The dynamics model developed includes aerodynamic drag effects modelled using the Rayleigh drag equation. There is little consensus in the literature on how best to model aerodynamic drag for a multirotor UAV, so an experimental study of the drag behaviour of a quadrotor airframe was conducted. A quadrotor airframe was mounted at a range of pitch and yaw angles in a wind tunnel, and the drag forces on the airframe were measured across a range of wind speeds. The results of this study showed that a Rayleigh drag model accurately models the UAV’s aerodynamic drag behaviour.

An experimental flight platform was then developed to allow for physical data collection. This platform consisted of a standard cross configuration quadrotor airfarme, with Hall effect sensors added to measure the angular velocities of the propellers. The Hall effect sensors and inertial measurement unit used were calibrated against known reference values, using test fixtures designed for each sensor, and their signal-to-noise ratios (SNRs) were derived, with all sensors having SNRs greater than 25 dB. Ground truth flight data was obtained using a motion capture system, and required the implementation of synchronisation between the onboard sensor clock and the external motion capture clock. A modified form of the IEEE 802.11 clock synchronisation protocol was implemented, with an infrared LED used to obtain a 20 Hz synchronisation pulse with the motion capture system.

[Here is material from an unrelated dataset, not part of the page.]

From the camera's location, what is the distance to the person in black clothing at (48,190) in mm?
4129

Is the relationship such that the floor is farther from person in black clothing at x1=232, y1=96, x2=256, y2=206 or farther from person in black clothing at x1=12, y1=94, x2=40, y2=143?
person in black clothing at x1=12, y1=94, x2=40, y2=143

Next, identification of the model’s parameters was investigated. Parameter identification methods for UAV systems in the literature are typically applied prior to flight operations, whereas this thesis considers the use of such methods during flight operations to allow for online tuning and adaptation to changing flight conditions. Four common white-box parameter identification methods were implemented and were applied to both synthetic data and experimental flight data in an open-loop control configuration. Error metrics for the performance of each method were defined, including a definition of pose error that captured both the overall desired behaviour of the airframe, as well as including the quaternion orientation representation. Application of the parameter identification methods to the synthetic data showed that Levenberg-Marquardt gradient descent had the best performance, including when synthetic noise was added to the simulated data, with this method yielding pose errors 75% smaller than the other methods at SNRs down to 20 dB. Levenberg-Marquardt gradient descent was also the most performant method on the experimental flight data, with median quaternion distance errors below 0.3 rad, but maximum distance errors comparable to the experimental flight envelope.

Finally, a nonlinear model predictive control system that incorporated both the nonlinear dynamics model and online parameter identification was developed. A novel cost function based upon the pose error metric was used to prioritise trajectory tracking, with comparison with a standard quadratic cost function showing that the pose error cost function gave better tracking performance and was better able to track target quaternion orientations. The controller was tested on synthetic flight trajectories, including airframe parameter changes and external wind disturbances, and was shown to maintain accurate trajectory tracking when subjected to these conditions, although the controller’s high computation cost prevented its use in an experimental setting.